◆ What to produce
Starting from the line that holds "JM1NDAD7XG0112855 2016 MAZDA", output exactly each line through the end of the listing. Do not copy pictures.
= = = = =
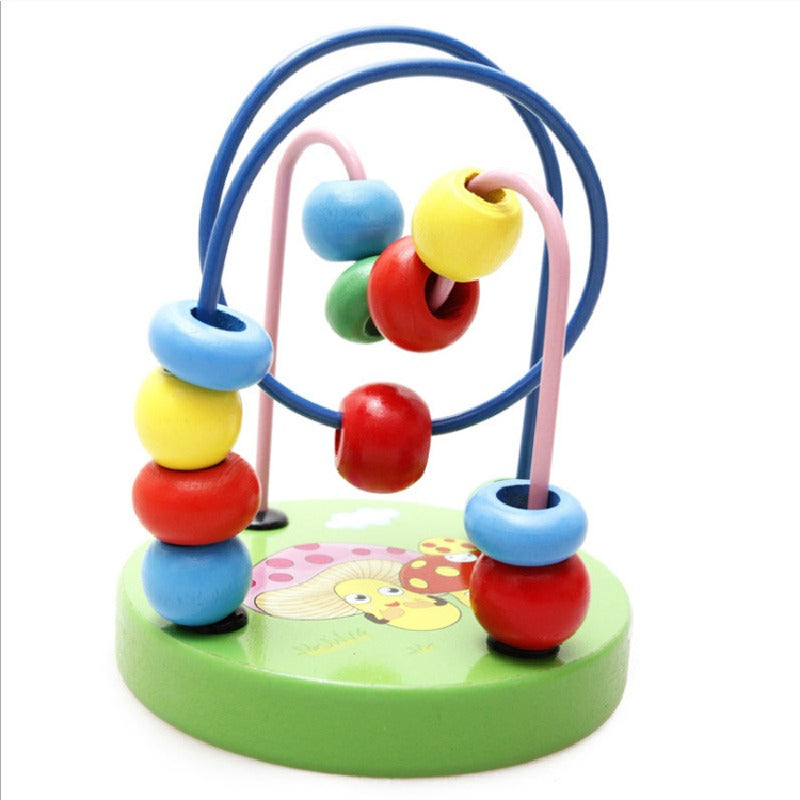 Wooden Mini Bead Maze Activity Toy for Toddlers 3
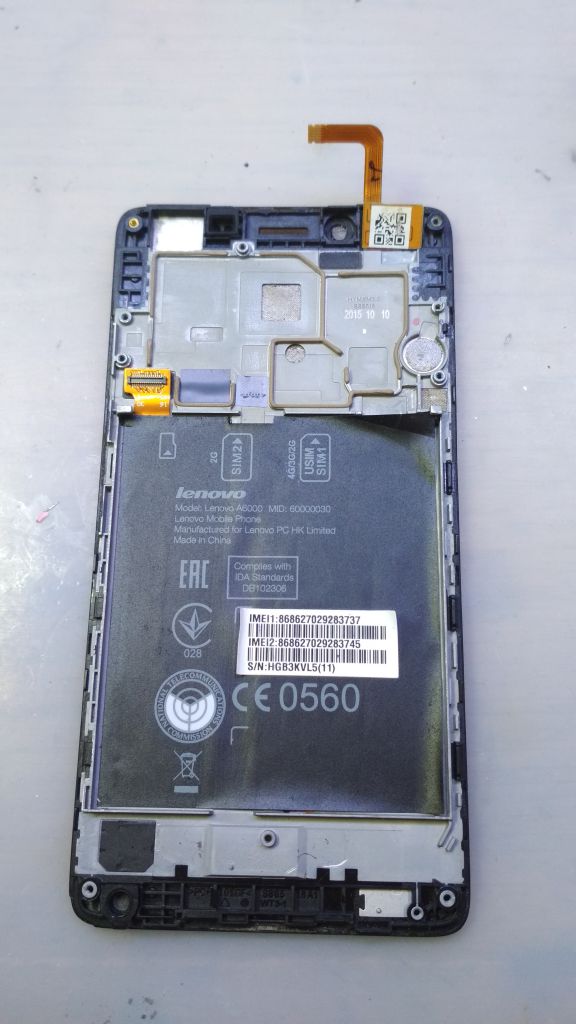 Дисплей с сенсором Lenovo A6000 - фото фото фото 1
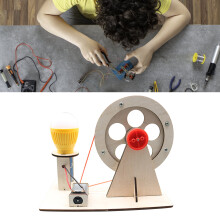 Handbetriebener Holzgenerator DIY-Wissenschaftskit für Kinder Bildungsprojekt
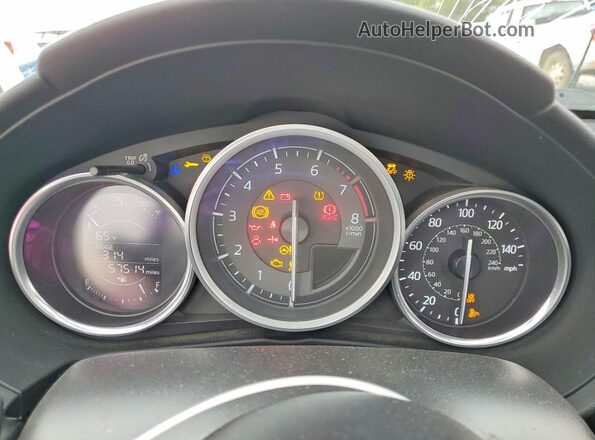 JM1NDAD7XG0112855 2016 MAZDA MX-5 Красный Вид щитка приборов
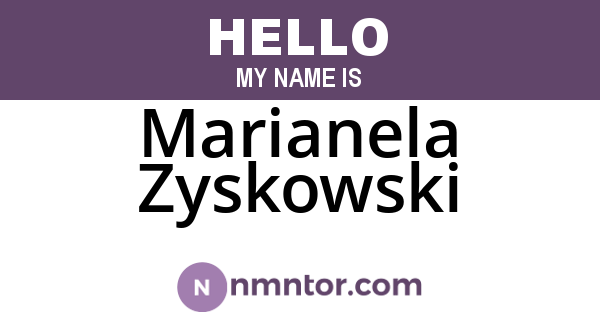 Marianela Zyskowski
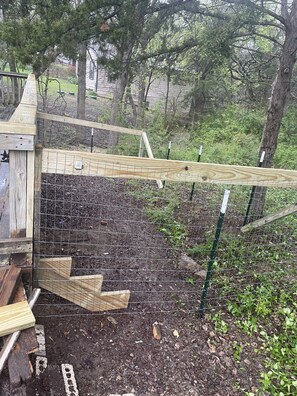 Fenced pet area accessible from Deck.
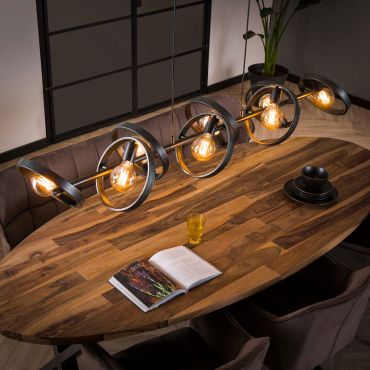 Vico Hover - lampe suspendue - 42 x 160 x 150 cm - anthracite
= = = = =
◆ Task output
 JM1NDAD7XG0112855 2016 MAZDA MX-5 Красный Вид щитка приборов
 Marianela Zyskowski
 Fenced pet area accessible from Deck.
 Vico Hover - lampe suspendue - 42 x 160 x 150 cm - anthracite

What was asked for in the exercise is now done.